Request Hedging: Accelerate Your App by Firing Duplicate Requests

Users notice slow requests. Even if 99% finish quickly, that 1% "long-tail" latency can make your app feel sluggish. Request hedging solves this by speculatively firing a second duplicate after a short delay, racing to beat outliers before they impact the UI.
Why the Slowest 1% of Requests Matter
The time it takes for the slowest 1% of requests to finish is known as P99 latency. Users are sensitive to slowness, and in architectures where a page render hits 50 microservices, one bad service can drag the whole page down.

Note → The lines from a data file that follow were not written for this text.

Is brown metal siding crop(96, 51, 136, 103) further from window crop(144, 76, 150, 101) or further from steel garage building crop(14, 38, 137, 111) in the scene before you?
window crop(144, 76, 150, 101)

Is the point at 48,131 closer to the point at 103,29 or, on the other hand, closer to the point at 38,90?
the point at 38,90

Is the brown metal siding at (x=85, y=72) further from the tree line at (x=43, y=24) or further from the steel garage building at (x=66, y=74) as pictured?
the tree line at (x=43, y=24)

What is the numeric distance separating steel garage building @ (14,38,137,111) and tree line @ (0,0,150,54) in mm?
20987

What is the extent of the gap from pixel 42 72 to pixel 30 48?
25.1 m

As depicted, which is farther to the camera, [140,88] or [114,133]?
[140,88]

Google's Bigtable team discovered that firing a second copy of a read after just 10 milliseconds cut their P99.9 latency by 96% while adding only 2% extra traffic. That's cheaper than a single extra VM instance and far more predictable.

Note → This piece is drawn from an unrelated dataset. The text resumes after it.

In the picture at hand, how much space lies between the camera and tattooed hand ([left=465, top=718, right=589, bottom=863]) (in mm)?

What Exactly Is Request Hedging?
Send the original request. If no response arrives within a small hedge delay, send a duplicate to another healthy replica. Return whichever finishes first and cancel the other.
It works because outliers are random (network hiccups don't hit every server at once) and because most requests finish fast, so the duplicate rarely runs long. You pay a small burst of extra load to avoid a big, visible stall.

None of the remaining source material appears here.